**PROVIDED MATERIAL**:
——————————

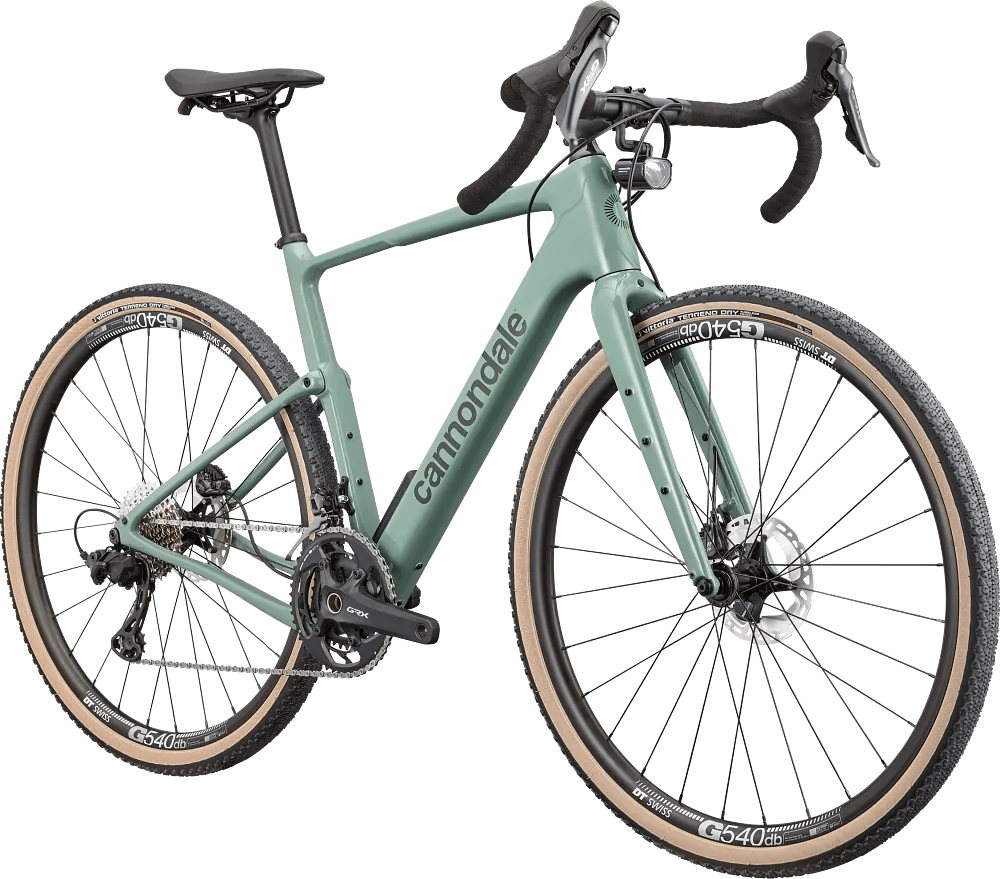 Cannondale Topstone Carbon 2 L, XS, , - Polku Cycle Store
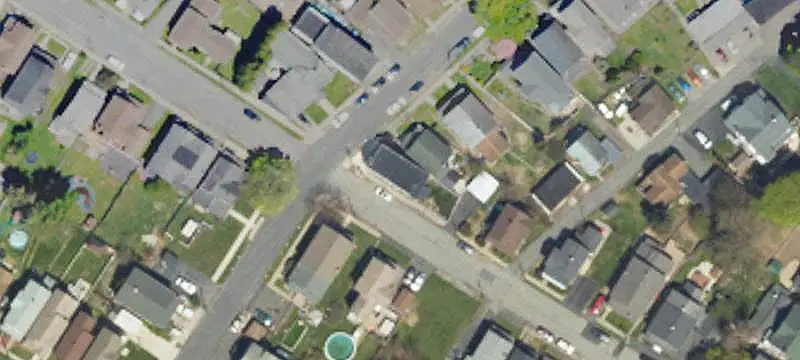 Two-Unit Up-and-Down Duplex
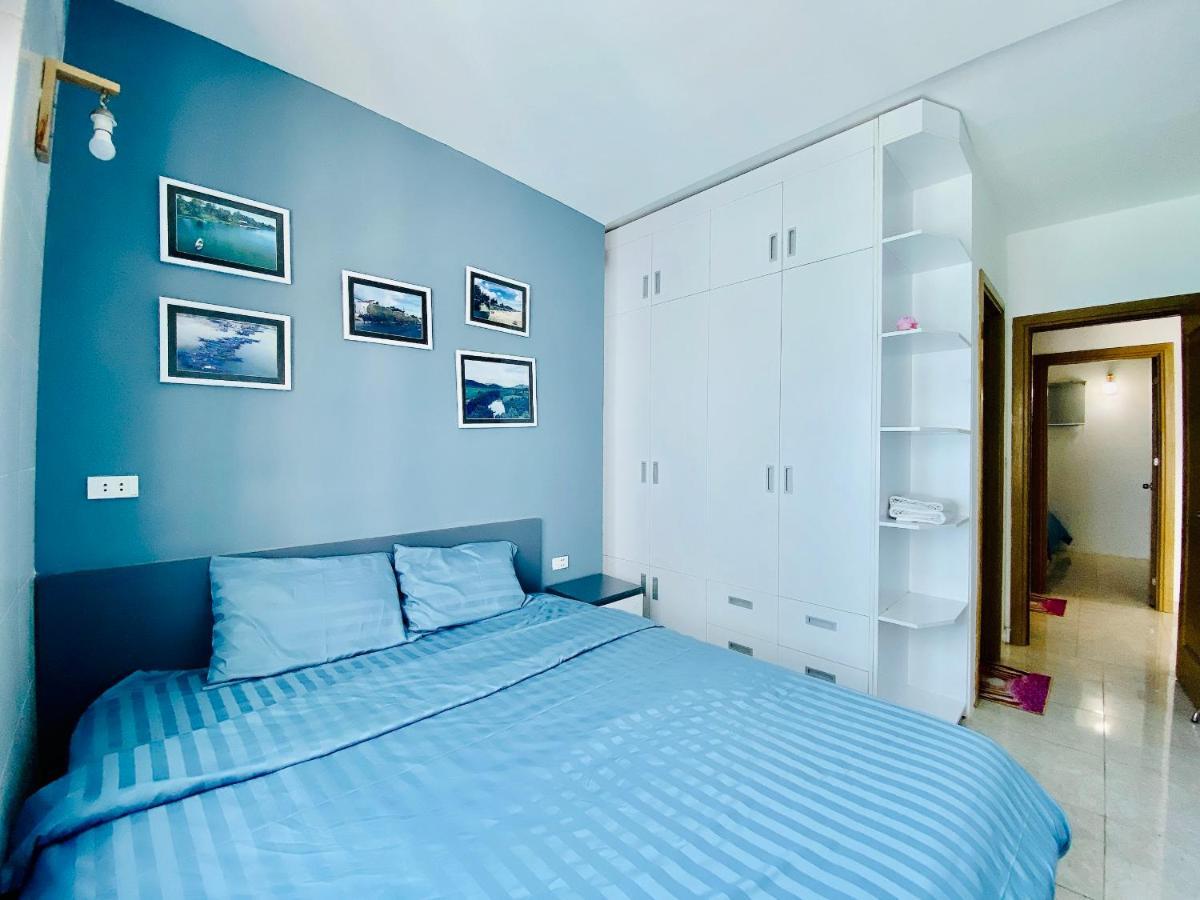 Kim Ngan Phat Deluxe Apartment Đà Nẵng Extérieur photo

——————————

**YOUR ASSIGNMENT**: Without the pictures, print the whole listing exactly as given.

**WRITTEN REPLY**:
 Cannondale Topstone Carbon 2 L, XS, , - Polku Cycle Store
 Two-Unit Up-and-Down Duplex
 Kim Ngan Phat Deluxe Apartment Đà Nẵng Extérieur photo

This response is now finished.